Social networking can be enjoyable, interesting, enriching…and it can also really bring a person down.
If you struggle with insecurity, jealousy or low self esteem, logging onto your social networking can be like entering a field of veritable land mines.
Though you might not like to admit it, reading about how successful/attractive/ripped/in shape/happy/healthy/wealthy (and more) your friends are can be a real bummer if you believe you are deficient in that area.
If you already feel self-conscious about your weight, concerned about your relationship, worried about your bank account or job status, reading an update like, “He brought me flowers three weeks in a row!” or “I can fit in my high school prom dress again!” or “We’re flying the family to Hawaii” can seem like a knife twisting in an already sore wound.
Another potential self esteem downer provided by social networking sites has to do with the popularity game.
The social aspect to sites like Facebook and Twitter is the interaction with others. On Facebook, people can give a link, photo or status update a “like” or they can comment on it. They can also share it with their friend list. Twitter has a few less bells and whistles, but users are given the ability to have a public (or private) conversation with someone and also to Re-Tweet a post from another.
This is all well and good, except if you have a habit of seeing yourself as awkward, un-liked, un-hip or even boring. If you do post something on your social networking site and nobody comments, “likes” or otherwise interacts with you, it can feel like rejection or some kind of statement about you.
As much as you might remind yourself that this is no big deal and that what others think has no bearing on you, unfortunately, it can seem like a big deal. Your sense of self-worth can plummet even further– mostly from what you’re telling yourself that this means.
Of course, it’s not the fault of the person who is sharing some fabulous news in a status update. It’s also not the fault of the people who didn’t “like” your post or tweet with you. And, it’s not the fault of the social networking sites either.
Actually, it’s not even your fault. Blame and self-criticism are most likely what got you into this place of being jealous or upset by what you’re reading. If you want to stop feeling bad about yourself, begin with you.
Re-focus on you.
Use it, don’t abuse it.
One option is to stop visiting social networking sites completely. Unless your job requires you to be on Facebook or Twitter, it’s not mandatory. If you and your partner are in a long distance relationship and social networking is one way you stay connected, you could narrow down your activities on these sites.

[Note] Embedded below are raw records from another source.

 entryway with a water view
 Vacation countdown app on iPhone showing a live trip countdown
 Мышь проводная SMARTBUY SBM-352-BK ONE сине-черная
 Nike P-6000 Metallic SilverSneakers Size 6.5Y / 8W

Social networking is supposed to be a fun way to interact with others. It’s there for you to use, not abuse.
If you find that your moods and sense of self worth tend rise and fall in direct relation to the feedback (or lack of feedback) you get while social networking, this is probably a sign that you’re abusing it. The amount of time you spend on Facebook might vary, but the effect– how you feel– is what to pay attention to.
The encouragement here is to NOT use Facebook, Twitter, YouTube (or any other social networking site) as your excuse to feel bad– or good– about yourself. Don’t give away YOUR power to define your own worth and value.

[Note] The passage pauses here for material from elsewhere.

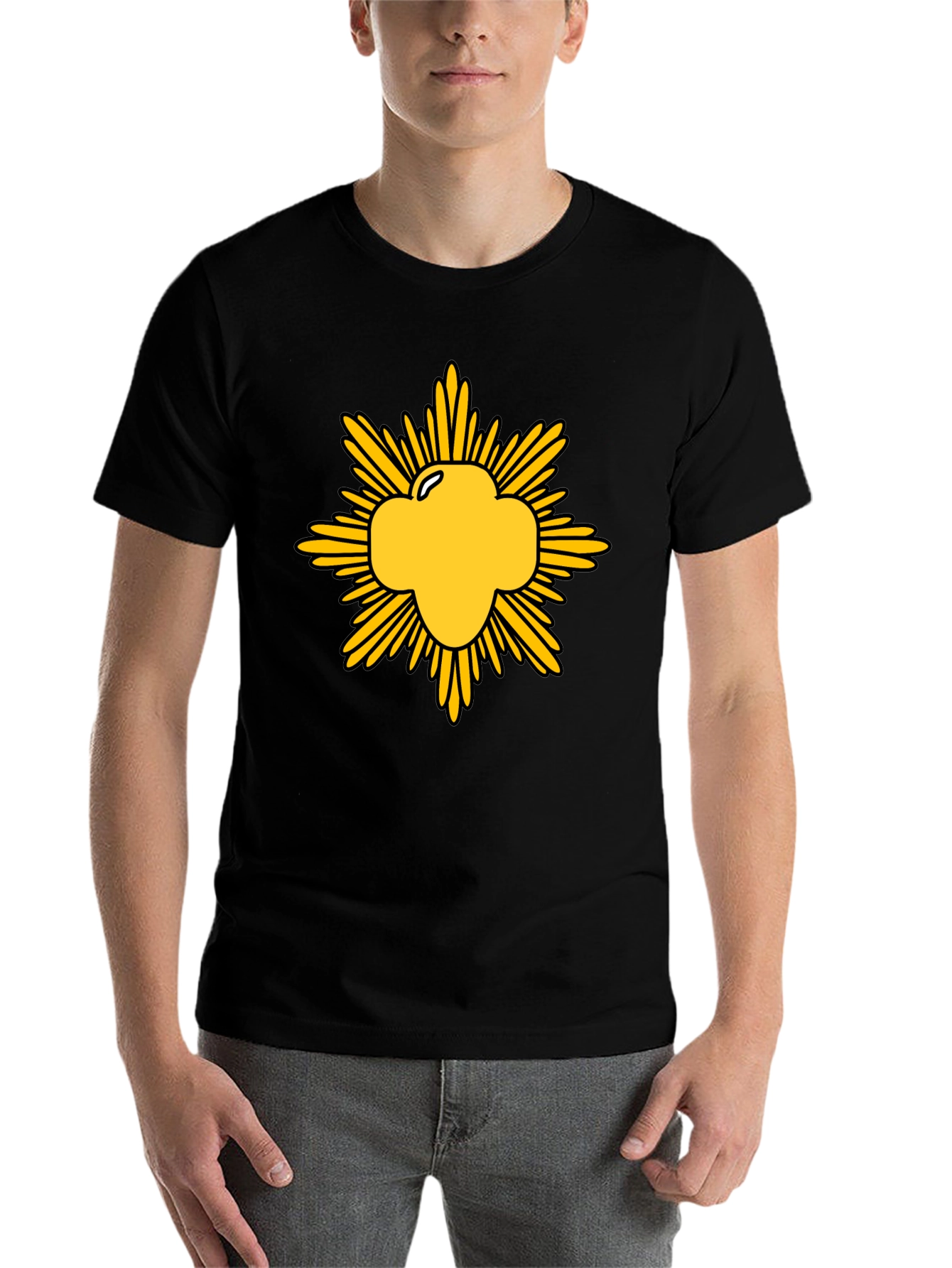 Black Golden Cloverburst Graphic Tee - Black Cotton Blend view 7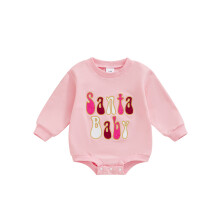 (0-3 Months, Pink) Combinaison de Noël pour bébé, brodée de lettres, col rond, manches longues, barboteuse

Don’t use social networking to fill yourself up either. Just like any entertainment, it can be a pleasant and informational part of your day…or it can turn into a kind of addiction.

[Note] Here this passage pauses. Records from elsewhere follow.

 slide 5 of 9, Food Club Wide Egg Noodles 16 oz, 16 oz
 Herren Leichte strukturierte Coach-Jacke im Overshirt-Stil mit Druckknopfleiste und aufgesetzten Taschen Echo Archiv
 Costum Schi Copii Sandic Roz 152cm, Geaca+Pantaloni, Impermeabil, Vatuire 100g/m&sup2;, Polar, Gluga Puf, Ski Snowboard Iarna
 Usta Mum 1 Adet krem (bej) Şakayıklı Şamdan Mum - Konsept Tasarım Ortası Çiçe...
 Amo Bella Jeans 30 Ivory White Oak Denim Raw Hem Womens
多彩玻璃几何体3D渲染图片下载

If you think you might be abusing social networking, noticing what you’re doing is an important first step to take. Next, before you log onto your account, pay attention to how you’re feeling. Are you logging on because you “need” some sign that you’re okay or acceptable? Are you trying to avoid a situation that needs your attention?
If you are abusing social networking in these ways, invite yourself to take some time to be with your feelings about yourself or the troubling situation first. You might not find a complete resolution in those moments, but just acknowledging how you feel and what’s true for you right now can help. If you then choose to go on your social network accounts, you are less likely to be triggered and upset by what you read.
Step away when you start taking it personally (or seriously). The same advice applies when you’re in the middle of reading through those status updates, comments on a video or string of Tweets. If you begin to abuse yourself because of what you’re thinking about what you’re reading, take a break.
At the moment that you start taking personally what someone you knew in college comments on one of your status updates, for example, step away from your computer. There’s nothing to be gained by getting defensive and it’s not going to help your self esteem to give the comment more importance than it deserves.
Does this mean that nobody’s opinion other than yours counts?
It can be helpful to learn from the advice and example of others. Sometimes, friends connected with online or face-to-face can be the balm for the soul that helps get any of us through the day. Just remember that YOU get to choose what information and advice are useful and true for you.
The same goes with your self worth. YOU are the one who can most effectively boost yourself up and allow yourself to be the best you can be.